*Task requirements*
Pictures must not appear in the copy. Reproduce exactly, and only, the lines from the one with "Roberto Clemente Clemente" through the end of the data below.

───

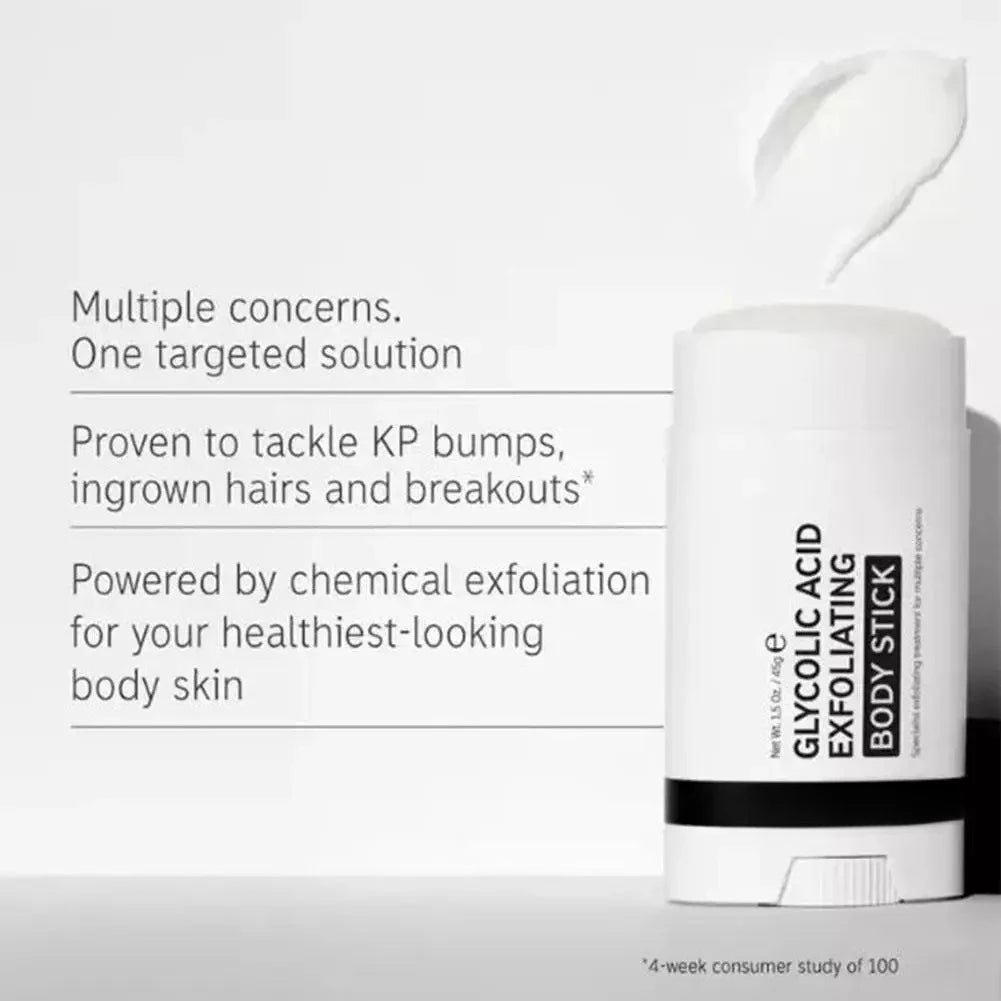 Glycolic Acid Exfoliating Body Stick – Smooth & Bright Skin
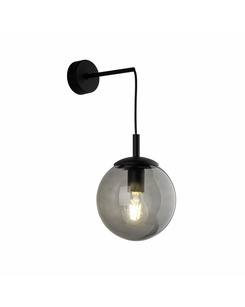 Бра Tk Lighting 5386 Esme E27 1x15W IP20 Bk  отзывы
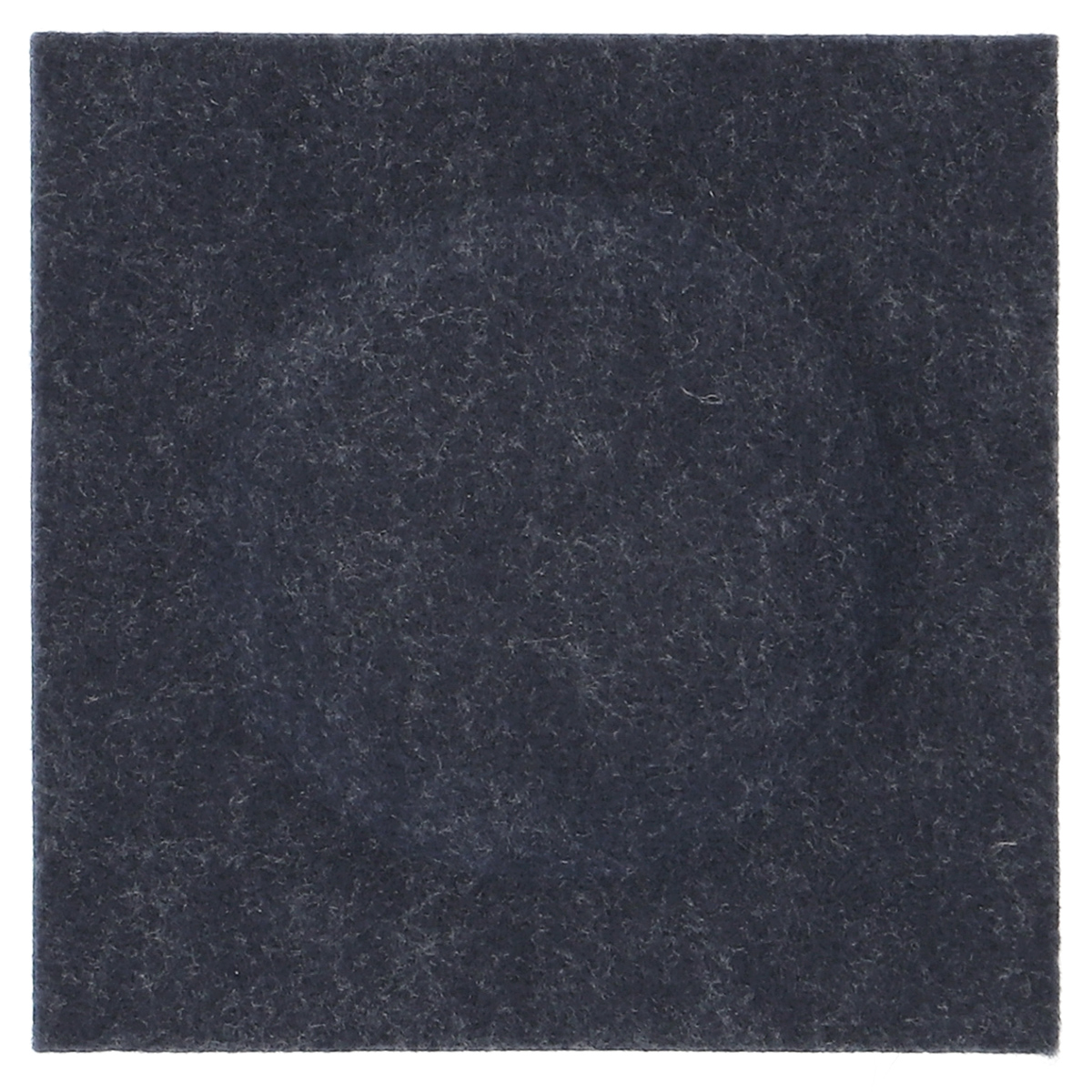 Négyzet alakú filcpanel - filcből készült puha falburkoló 15x15cm, sötétkék
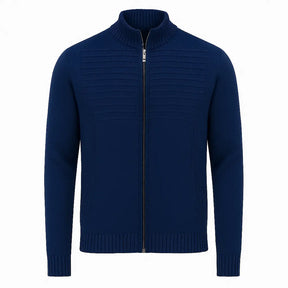 Suéter Masculino Cardigan Com Zíper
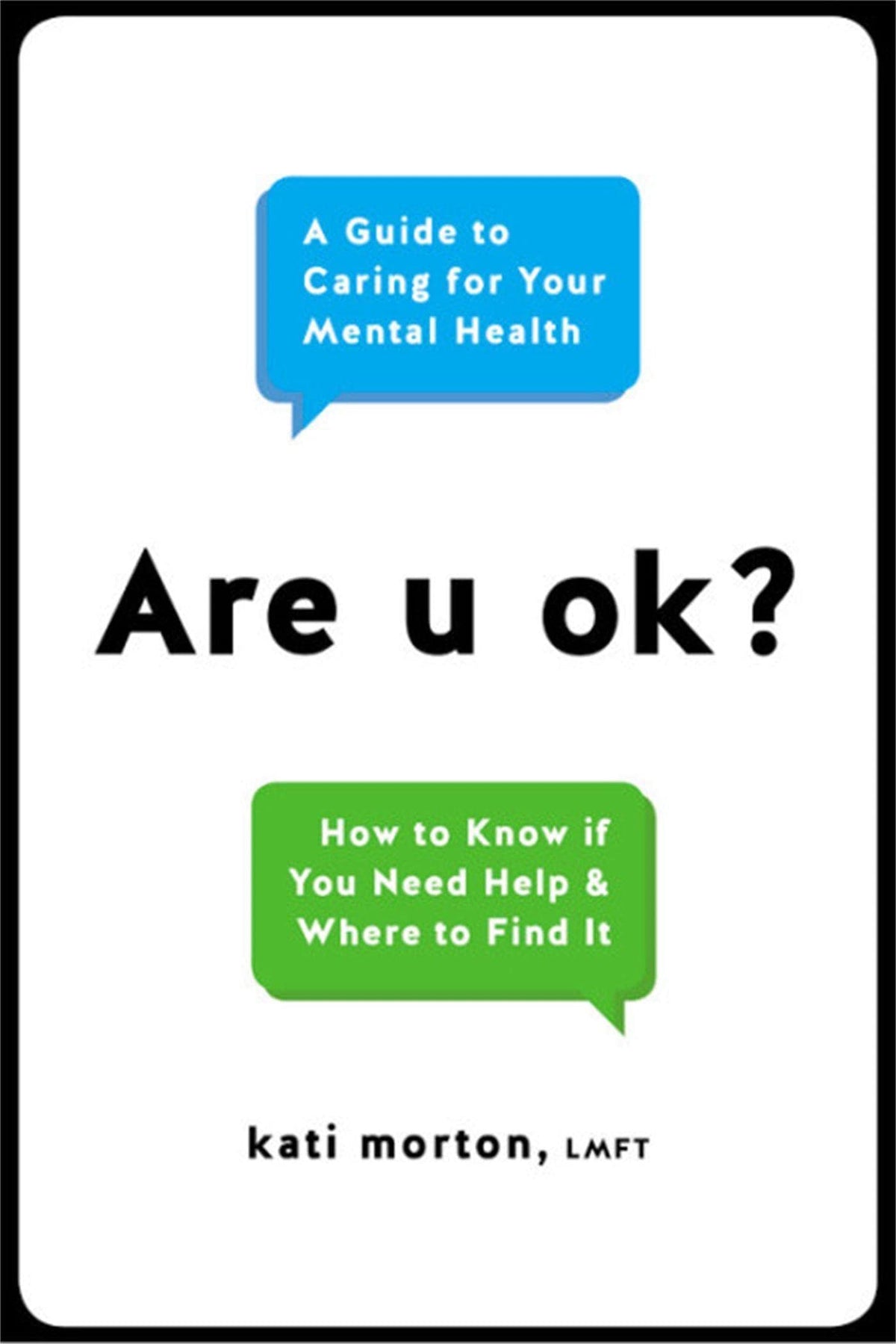 ARE U OK? book cover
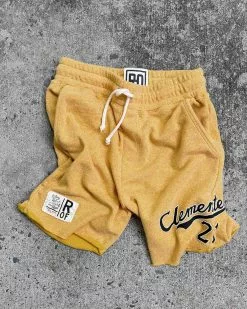 Roberto Clemente Clemente #21 Yellow Shorts NEW ARRIVALS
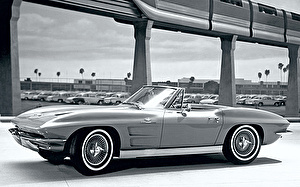 Шины на Chevrolet Corvette 1963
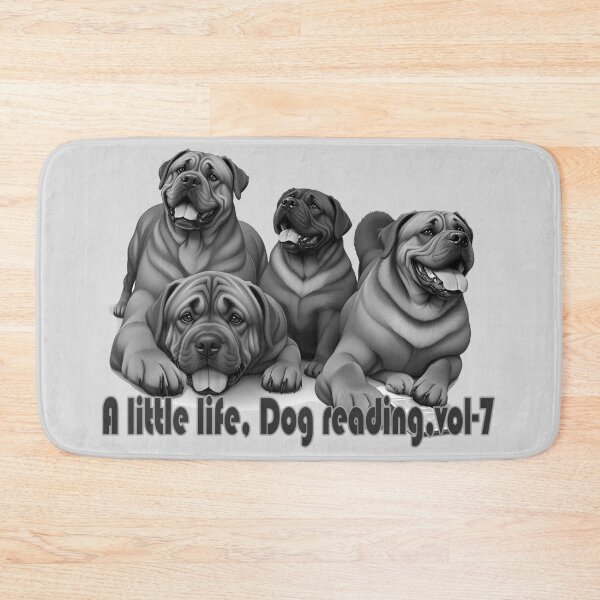 Item preview, A Little life, Dog reading, Vol-7 designed and sold by PornDesigns.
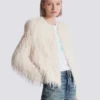 Fringed jacket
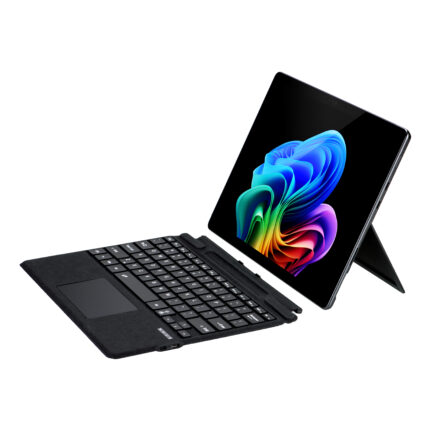 MLTIX SFD 微軟 Surface Pro 10 (13 吋，2024) 含背光觸控板鍵盤 - 繁體, 黑灰色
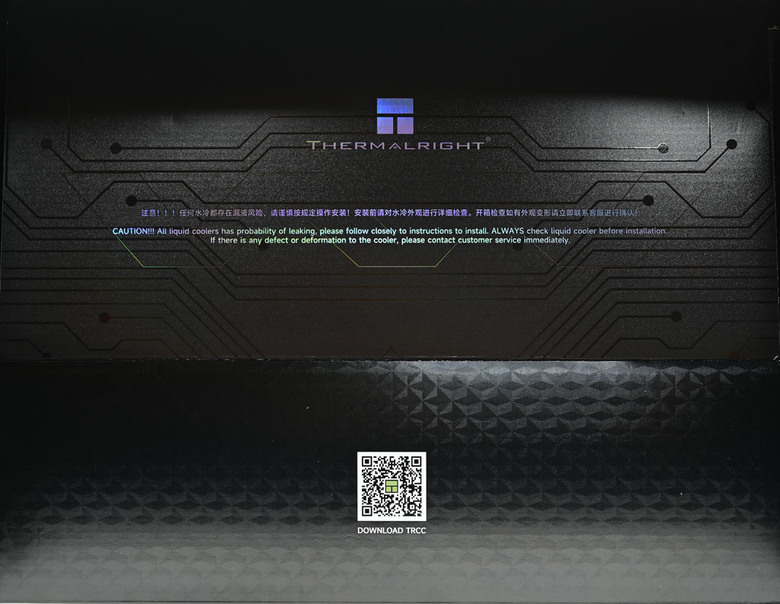 THERMALRIGHT索摩樂WONDER VISION 360 UB ARGB BLACK一體式水冷散熱器開箱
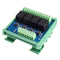 4CH Channel Optocoupler Isolation Relay Module 5V/12V/24V SCM PLC Signal Amplifier Board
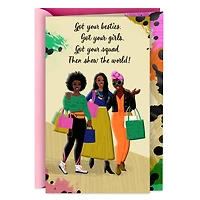 Glow It Up, Sistafriend Birthday Card for Her for only USD 3.59 | Hallmark
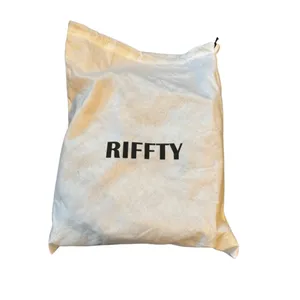 Riffty Small Crossbody Travel Duffle Bag Vintage Carry On Leather Canvas Shoulde thumbnail 7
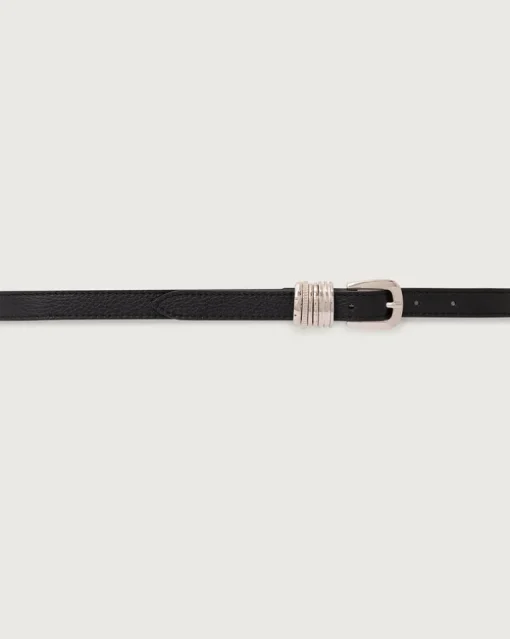 Cintura sense pelle nero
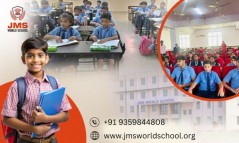 Best Secondary School in Delhi NCR: JMS World School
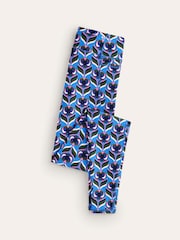 Boden Blue High Waist Pocket Leggings - Image 5 of 5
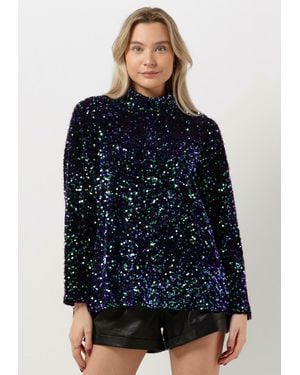 Goosecraft Pullover Gc Flapper Top Damen - Blau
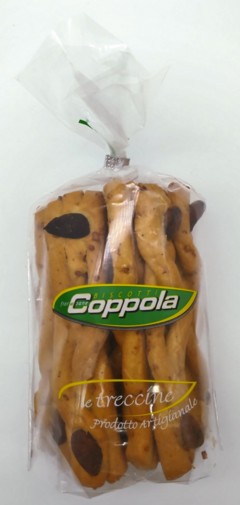 TRECCINA C/MANDORLA COPPOLA GR200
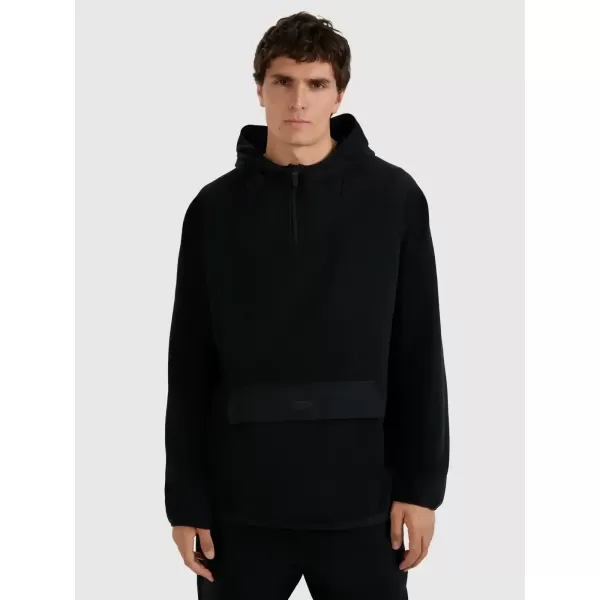  Pánska mikina 4F WAW25TSWSM1947 DEEP BLACK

───

*Answer section*
 Roberto Clemente Clemente #21 Yellow Shorts NEW ARRIVALS
 Шины на Chevrolet Corvette 1963
 Item preview, A Little life, Dog reading, Vol-7 designed and sold by PornDesigns.
 Fringed jacket
 MLTIX SFD 微軟 Surface Pro 10 (13 吋，2024) 含背光觸控板鍵盤 - 繁體, 黑灰色
 THERMALRIGHT索摩樂WONDER VISION 360 UB ARGB BLACK一體式水冷散熱器開箱
 4CH Channel Optocoupler Isolation Relay Module 5V/12V/24V SCM PLC Signal Amplifier Board
 Glow It Up, Sistafriend Birthday Card for Her for only USD 3.59 | Hallmark
 Riffty Small Crossbody Travel Duffle Bag Vintage Carry On Leather Canvas Shoulde thumbnail 7
 Cintura sense pelle nero
 Best Secondary School in Delhi NCR: JMS World School
 Boden Blue High Waist Pocket Leggings - Image 5 of 5
 Goosecraft Pullover Gc Flapper Top Damen - Blau
 TRECCINA C/MANDORLA COPPOLA GR200
  Pánska mikina 4F WAW25TSWSM1947 DEEP BLACK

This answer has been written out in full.